A cet égard, l’un des aspects les plus significatifs est le tournant qu’elle prend autour de 1800. En 1750, l’histoire de la philosophie est cosmopolite, tournée vers le vaste monde. Voltaire est fasciné par la Chine. Le plus grand historien de la philosophie de l’Allemagne protestante, le pasteur Jacob Brucker, propose un tour du monde et un long voyage dans le temps. Il fait débuter son récit en Orient avant le Déluge, et il y inclut toutes les philosophies, du Japon aux Amériques. Au début du XIXe siècle, Hegel affirme par contre que l’histoire de la philosophie débute en Grèce, au VIe siècle avant J. -C., et qu’elle est par essence européenne. Cette opinion dominante dans l’histoire de la philosophie du XIXe siècle vient légitimer la supériorité de l’Occident sur les autres sociétés.

L’Europe apparaît dès lors comme le territoire prédestiné de la rationalisation des savoirs et de la société. Dans cette vision, seule l’Europe a donné naissance à des gouvernements représentatifs (ou à la démocratie), et seule l’Europe a connu la sécularisation. Dans les récits de nombreux historiens de la philosophie du XIXe siècle, seuls les peuples européens ont fait preuve d’un esprit rationnel en économie, en philosophie et en sciences, au point que l’historien de la philosophie Friedrich Ueberweg pense exprimer l’opinion commune, lorsqu’il affirme que «les peuples orientaux sont complètement dépourvus de la force intellectuelle qui permet un véritable travail scientifique».

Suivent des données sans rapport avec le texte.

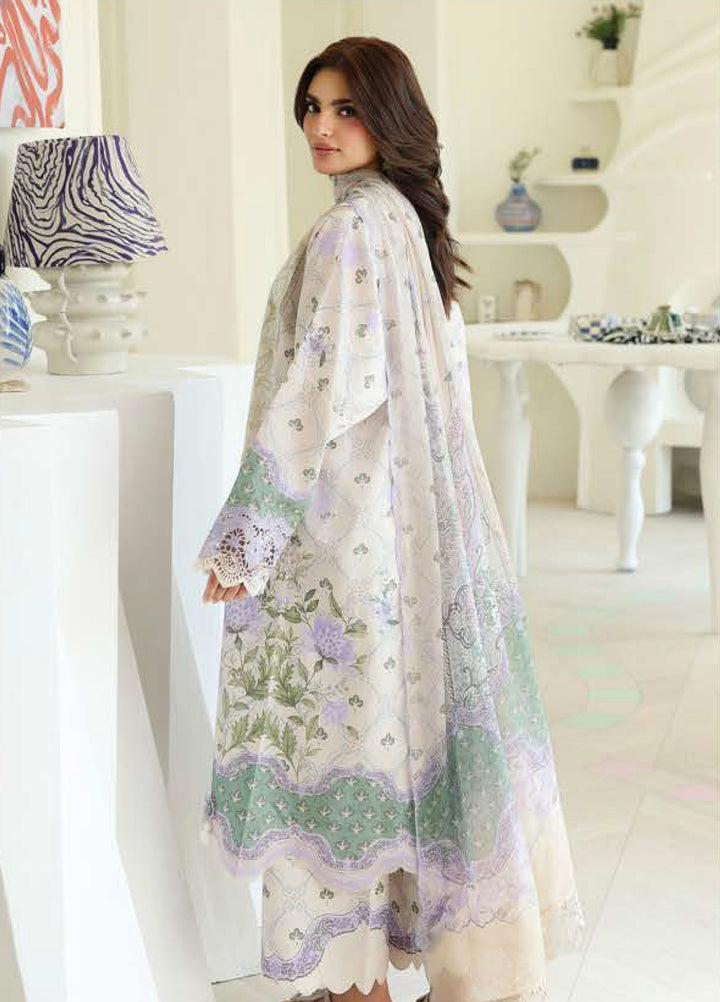 Petals in Print by Roheenaz Unstitched Printed Lawn 3 Piece Suit RN26UPP White Camellia RUNSS260908 - Summer Collection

Aujourd’hui, il s’agit moins de dénoncer de telles constructions comme idéologiques que de les étudier pour elles-mêmes, d’en comprendre les mécanismes, les motifs et les effets. La définition de la philosophie comme culture spécifique de l’Europe a notamment participé de deux processus déterminants pour la pensée contemporaine. Autour de 1780, avec la mode de l’histoire de la philosophie, la philosophie s’est durablement installée à l’université, alors qu’elle se pratiquait auparavant dans les académies, les cours et les salons. D’autre part, en faisant de l’Europe cultivée le territoire des rationalités modernes, les historiens de la philosophie ont distingué d’autres cultures. Ils ont alors envisagé l’Europe comme l’objet par excellence des savoirs théoriques, tandis que les autres sociétés formaient un vaste champ pour les savoirs empiriques, de la botanique à l’anthropologie.

Catherine König-Pralong, professeure d’histoire de la philosophie à l’université de Freiburg im Breisgau (Allemagne) est l’auteure de : la Colonie philosophique. Ecrire l’histoire de la philosophie aux XVIIIe -XIX e siècles, éditions de l’EHESS, Paris, 2019.